*Raw data*.

━━━━━━━━

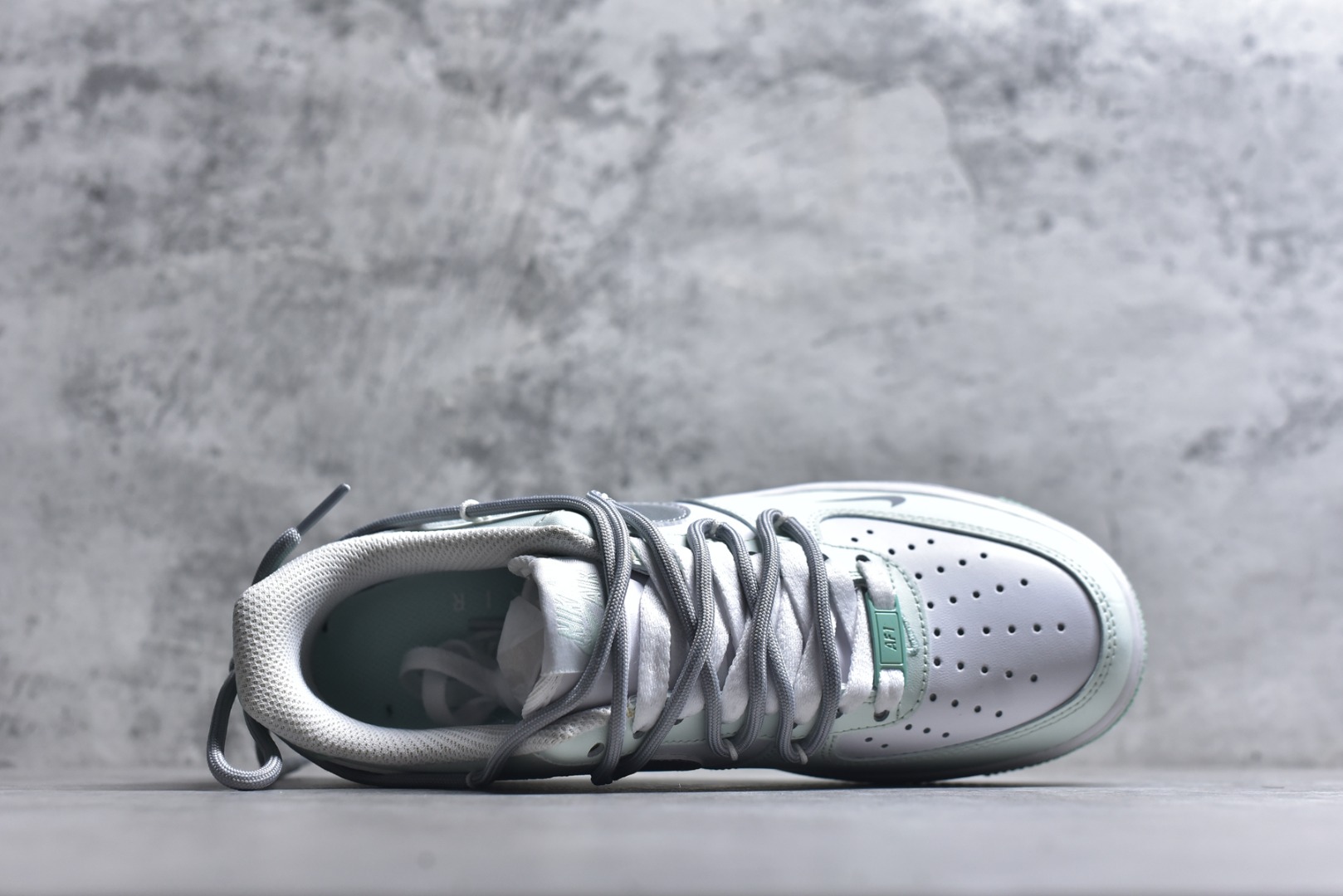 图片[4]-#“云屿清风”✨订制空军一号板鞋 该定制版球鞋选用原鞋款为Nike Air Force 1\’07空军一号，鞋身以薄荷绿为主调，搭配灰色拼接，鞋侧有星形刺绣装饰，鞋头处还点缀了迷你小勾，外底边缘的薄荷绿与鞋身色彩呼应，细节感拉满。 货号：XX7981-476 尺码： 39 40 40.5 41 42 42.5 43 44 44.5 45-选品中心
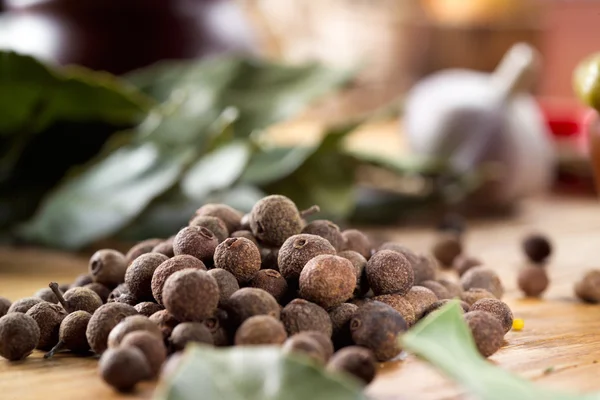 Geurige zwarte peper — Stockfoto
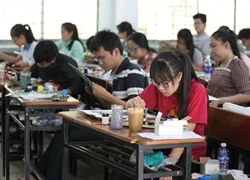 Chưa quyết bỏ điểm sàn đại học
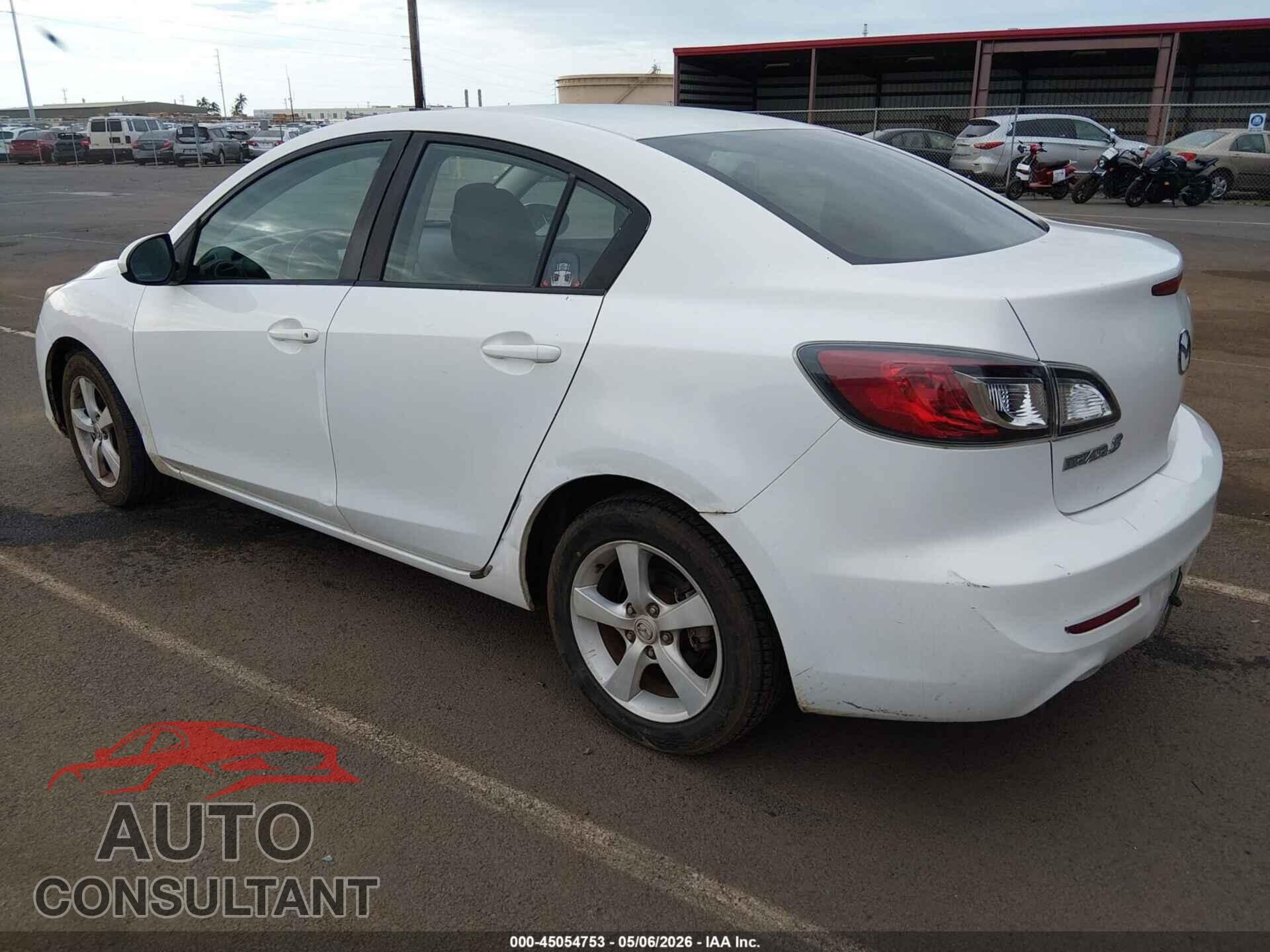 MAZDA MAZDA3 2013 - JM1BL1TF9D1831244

━━━━━━━━

*Prompt*.
When you copy the data, keep every line exact and leave out each picture.

*Written answer*.
 图片[4]-#“云屿清风”✨订制空军一号板鞋 该定制版球鞋选用原鞋款为Nike Air Force 1\’07空军一号，鞋身以薄荷绿为主调，搭配灰色拼接，鞋侧有星形刺绣装饰，鞋头处还点缀了迷你小勾，外底边缘的薄荷绿与鞋身色彩呼应，细节感拉满。 货号：XX7981-476 尺码： 39 40 40.5 41 42 42.5 43 44 44.5 45-选品中心
 Geurige zwarte peper — Stockfoto
 Chưa quyết bỏ điểm sàn đại học
 MAZDA MAZDA3 2013 - JM1BL1TF9D1831244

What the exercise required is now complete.